Researchers design nanoscale light-based feedback loop

June 11, 2019 //By Julien Happich
feedback loop
Researchers at Chalmers University of Technology, Sweden, have discovered a completely new way of capturing, amplifying and linking light to matter at the nanolevel. Using a tiny box, built from stacked atomically thin material, they have designed a novel type of feedback loop in which light and matter become one.

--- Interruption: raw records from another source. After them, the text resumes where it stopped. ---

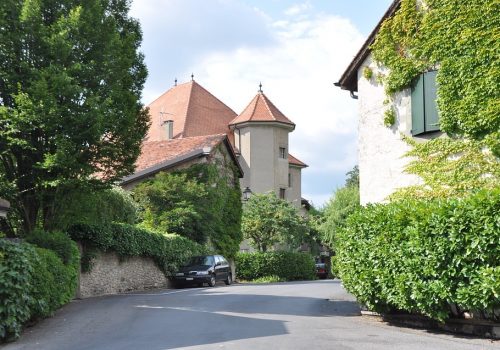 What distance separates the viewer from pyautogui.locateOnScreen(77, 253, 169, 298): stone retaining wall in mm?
22844

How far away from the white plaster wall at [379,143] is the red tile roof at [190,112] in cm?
3216

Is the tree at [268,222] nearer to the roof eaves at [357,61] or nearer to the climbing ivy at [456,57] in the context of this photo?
the roof eaves at [357,61]

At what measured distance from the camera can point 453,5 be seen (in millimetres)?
15789

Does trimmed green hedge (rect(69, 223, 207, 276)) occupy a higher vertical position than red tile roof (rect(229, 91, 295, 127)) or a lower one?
lower

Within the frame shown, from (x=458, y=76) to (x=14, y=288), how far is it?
11385mm

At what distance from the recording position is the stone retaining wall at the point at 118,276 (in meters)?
22.8

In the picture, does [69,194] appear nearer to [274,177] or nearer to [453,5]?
[453,5]

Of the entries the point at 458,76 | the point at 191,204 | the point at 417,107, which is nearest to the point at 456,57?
the point at 458,76

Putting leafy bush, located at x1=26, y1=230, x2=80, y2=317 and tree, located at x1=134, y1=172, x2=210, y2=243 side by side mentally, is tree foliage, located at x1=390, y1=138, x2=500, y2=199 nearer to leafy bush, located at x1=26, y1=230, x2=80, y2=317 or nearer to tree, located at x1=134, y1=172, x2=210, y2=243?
Answer: leafy bush, located at x1=26, y1=230, x2=80, y2=317

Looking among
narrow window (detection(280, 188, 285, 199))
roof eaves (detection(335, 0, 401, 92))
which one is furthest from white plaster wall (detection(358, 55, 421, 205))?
narrow window (detection(280, 188, 285, 199))

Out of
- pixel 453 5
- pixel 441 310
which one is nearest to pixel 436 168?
pixel 453 5

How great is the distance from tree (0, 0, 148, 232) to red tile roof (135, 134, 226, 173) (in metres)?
16.1

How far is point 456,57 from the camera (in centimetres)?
1551

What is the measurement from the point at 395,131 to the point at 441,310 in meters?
7.04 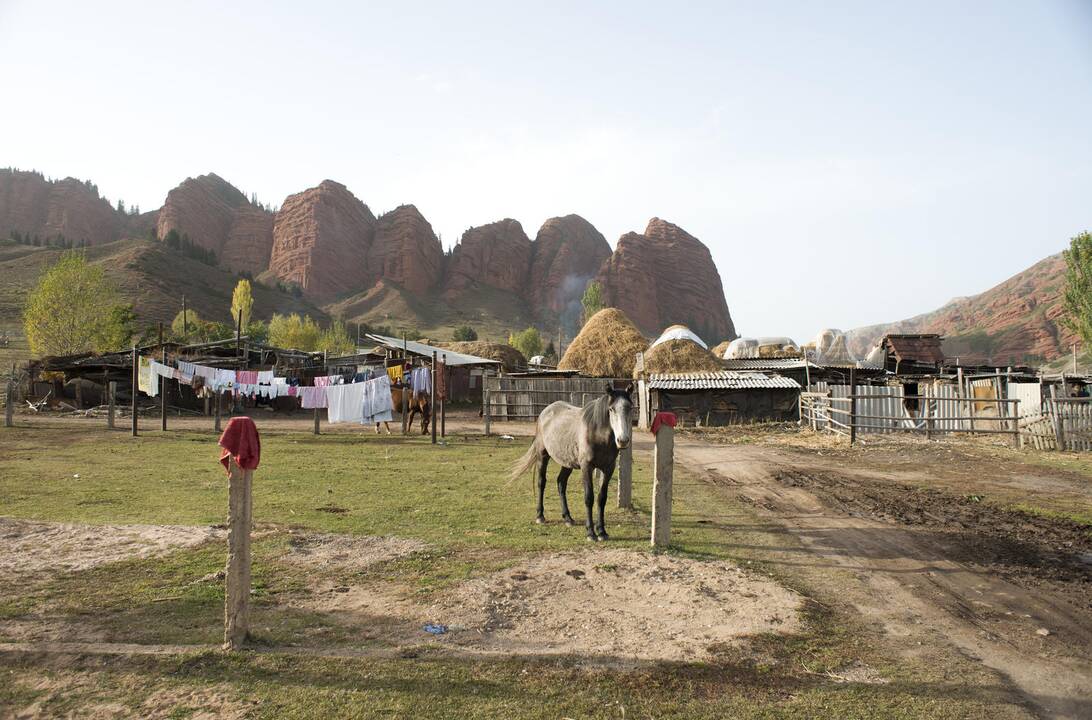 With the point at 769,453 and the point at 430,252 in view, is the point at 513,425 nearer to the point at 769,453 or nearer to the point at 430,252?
the point at 769,453

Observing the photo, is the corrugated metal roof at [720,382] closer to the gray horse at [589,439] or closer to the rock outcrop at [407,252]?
the gray horse at [589,439]

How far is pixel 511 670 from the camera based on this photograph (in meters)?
4.09

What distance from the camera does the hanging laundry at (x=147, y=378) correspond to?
2160cm

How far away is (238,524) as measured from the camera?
4.38m

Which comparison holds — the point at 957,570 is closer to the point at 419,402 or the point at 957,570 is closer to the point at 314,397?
the point at 419,402

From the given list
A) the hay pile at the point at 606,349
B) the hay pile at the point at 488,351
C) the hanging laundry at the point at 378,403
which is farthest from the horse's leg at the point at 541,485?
the hay pile at the point at 488,351

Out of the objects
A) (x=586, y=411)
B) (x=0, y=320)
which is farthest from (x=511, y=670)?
(x=0, y=320)

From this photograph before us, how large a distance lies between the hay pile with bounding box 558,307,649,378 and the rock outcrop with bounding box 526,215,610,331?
90865mm

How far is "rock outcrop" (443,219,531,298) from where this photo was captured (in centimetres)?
13675

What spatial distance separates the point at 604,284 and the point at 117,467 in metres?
129

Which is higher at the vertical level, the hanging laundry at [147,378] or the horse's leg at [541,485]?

Publishing their results in Nature Nanotechnology under the paper title “Transition metal dichalcogenide nanodisks as high-index dielectric Mie nanoresonators”, the researchers fabricated nanodisks from exfoliated multilayer tungsten disulphide (WS2) and demonstrated distinct Mie resonances and anapole states, which they could tune in wavelength over the visible and near-infrared range by varying the nanodisk size and aspect ratio. They also describe a novel regime of light–matter interaction, anapole-exciton polaritons occurring within a single WS2 nanodisk, which they say could be harnessed to design tiny optical resonators for light-based feedback loops.

“We have created a hybrid consisting of equal parts of light and matter. The concept opens completely new doors in both fundamental research and applied nanophotonics and there is a great deal of scientific interest in this,” explained Ruggero Verre, a researcher in the Department of Physics at Chalmers and one of the authors of the scientific article.